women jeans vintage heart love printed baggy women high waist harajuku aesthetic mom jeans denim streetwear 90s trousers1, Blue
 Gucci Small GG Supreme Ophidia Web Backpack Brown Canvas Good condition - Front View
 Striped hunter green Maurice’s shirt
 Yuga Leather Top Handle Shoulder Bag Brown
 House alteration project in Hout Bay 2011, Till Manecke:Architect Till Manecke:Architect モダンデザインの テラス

**********

## Task to carry out:
A faithful, word-for-word transcript of the material above is the required answer.

## Output below:
women jeans vintage heart love printed baggy women high waist harajuku aesthetic mom jeans denim streetwear 90s trousers1, Blue
 Gucci Small GG Supreme Ophidia Web Backpack Brown Canvas Good condition - Front View
 Striped hunter green Maurice’s shirt
 Yuga Leather Top Handle Shoulder Bag Brown
 House alteration project in Hout Bay 2011, Till Manecke:Architect Till Manecke:Architect モダンデザインの テラス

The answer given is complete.